Many people assume "deadbeat dads," men who aren't involved in their children's lives and pay little to no child support, are low-income earners. But a new study is busting this stereotype.
According to research by Robert Keefe, an associate professor at the University at Buffalo School of Social Work, low-income fathers are actually more involved with their children than ever before. In fact, 94 per cent of mothers interviewed between 1996 and 2011 say that their children’s fathers are “somewhat involved or highly involved with their families.”
“It's not fair to limit defining fatherhood involvement to economics when many of these dads are trying to be good fathers,” Keefe said. “Since all of the fathers in the study were low-income, their economic contributions might not be that great and because of that they're automatically thought of as any number of things we've heard, from deadbeat dads to just being uninvolved.”

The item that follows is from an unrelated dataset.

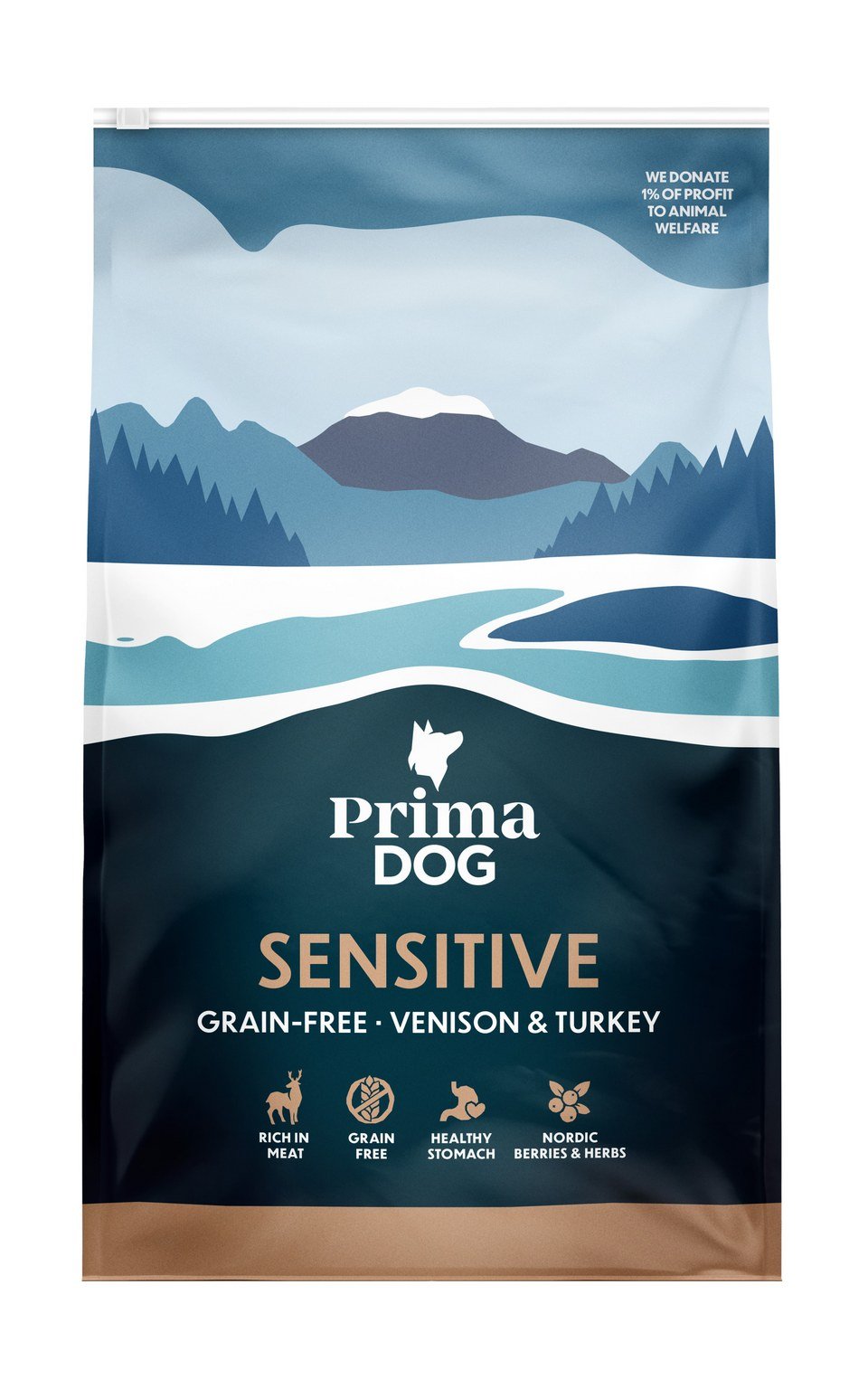 PRIMADOG be grūdų stirniena kalakutiena 10kg.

Watch the video above to hear how low-income fathers are getting involved in their children’s lives.
Interestingly, a 2015 study published in the Journal of Marriage and Family found that low-income fathers contributed to their families by providing them with items rather than money for child support. This includes things such as baby products, clothes and school expenses and averaged to about $60 per month.
The study, which looked at over 350 low-income fathers across three U.S. cities, found that 46 per cent contributed to their families this way.
“The most disadvantaged dads end up looking like they’re completely distanced from their kids but they’re actually giving quite a lot,” said study author and sociologist Kathryn Edin. “I was really surprised by how much these disadvantaged guys, these truly marginally employed men, are putting all of this thought and what little resources they have into showing their children that they care.”